** Opening Given information block **

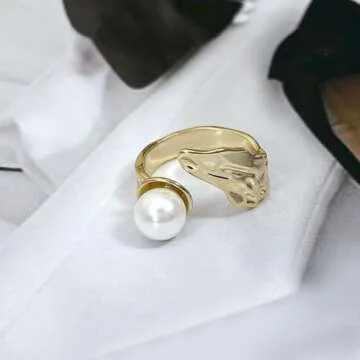 Gold Pearl Ring, Adjustable Pearl Rings for Women, Freshwater Pearl Ring, June Birthstone Rings for Women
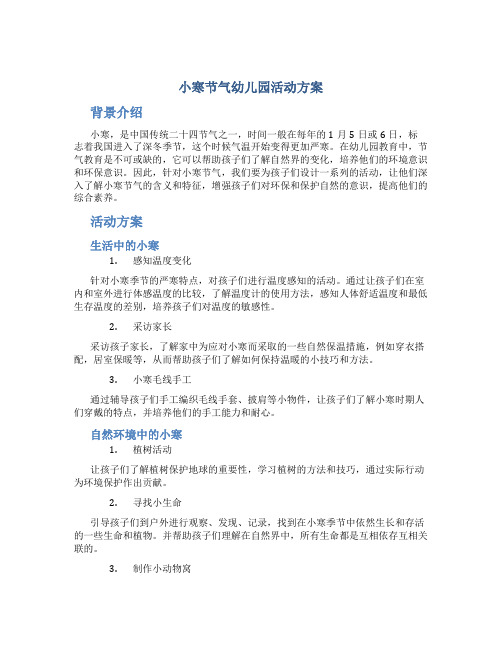 小寒节气幼儿园活动方案,二十四节气小寒教学设计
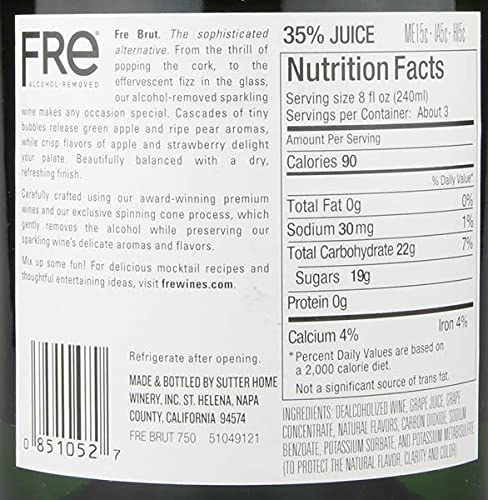 Sutter Home Fre Sparkling Brut Non-Alcoholic Champagne Bundle - 12 Pack (750ML Bottles) with Ice Packs, Corkscrew, Phone Grip & Wine Pairing Recipes | Perfect for Weddings, Baby Showers & Alcohol-Free Celebrations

** Closing Given information block **

▶ _Try it_: Each line of the data above should be reproduced without alteration, and no picture should appear in the copy.

▶ _Result of the task_:
 Gold Pearl Ring, Adjustable Pearl Rings for Women, Freshwater Pearl Ring, June Birthstone Rings for Women
 小寒节气幼儿园活动方案,二十四节气小寒教学设计
 Sutter Home Fre Sparkling Brut Non-Alcoholic Champagne Bundle - 12 Pack (750ML Bottles) with Ice Packs, Corkscrew, Phone Grip & Wine Pairing Recipes | Perfect for Weddings, Baby Showers & Alcohol-Free Celebrations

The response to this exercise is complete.